Floyd Dominy (1909-2010) il responsabile del bureau per l’energia idroelettrica all’epoca di Eisenhower, credeva fermamente nella realizzazione della diga del lago Powell. Esiste una sua famosa citazione, che recita: “La natura non può migliorare ciò che fa l’uomo. Noi siamo certamente gli esseri supremi su questa Terra.” Il suo più grande avversario, nell’ottenere l’approvazione dell’enorme, distruttiva opera di adattamento paesaggistico, fu l’allora direttore dell’organizzazione ecologica Sierra Club, l’ambientalista, editore ed escursionista David Brower (1912-2000). Costui riteneva che il fiume dovesse restare libero, e l’impossibilità effettiva di fermare i lavori del governo sarebbe sempre rimasta il maggiore rammarico della sua lunga e fruttuosa vita.

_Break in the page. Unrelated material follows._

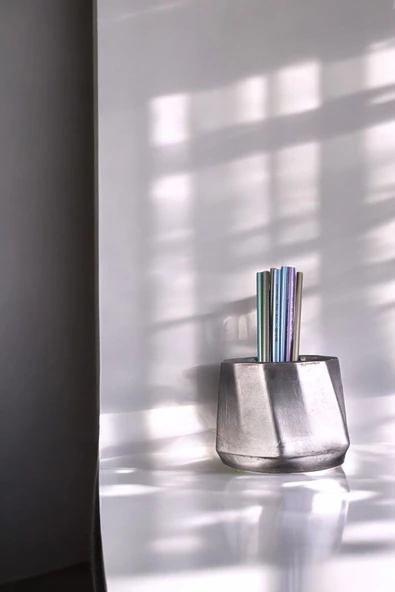 Evene Kalemlik Masa Kalemliği Organizer Kalemlik Gümüş Eskitme Renk Model 17 ürün görseli 1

Il danno, se così può essere definito, si è ormai consumato. L’America, con le sue vaste distese, le meraviglie naturali e le culture ormai sopravanzate dal giro delle Ere, è ricca ben oltre il mero prodotto interno lordo. L’economia e l’industrialismo, che guidano le nostre scelte di uomini moderni, non sono che una parte dell’equazione. E se oggi possiamo correre bruciando gasolio, lungo le strade di un labirinto pietroso e fantastico, non è soltanto il merito di chi tale pertugio l’ha aperto con la dinamite. Né di chi l’ha estratto, quel fluido fossile di dinosauro, l’ha riversato nella tanica e ha costruito il motore. Forse per sfruttare la natura davvero a fondo, sarebbe necessario soprattutto comprenderla. Come fecero i coraggiosi esploratori di quelle due barche, sperdute tra i fiumi e la marcia furiosa del tempo.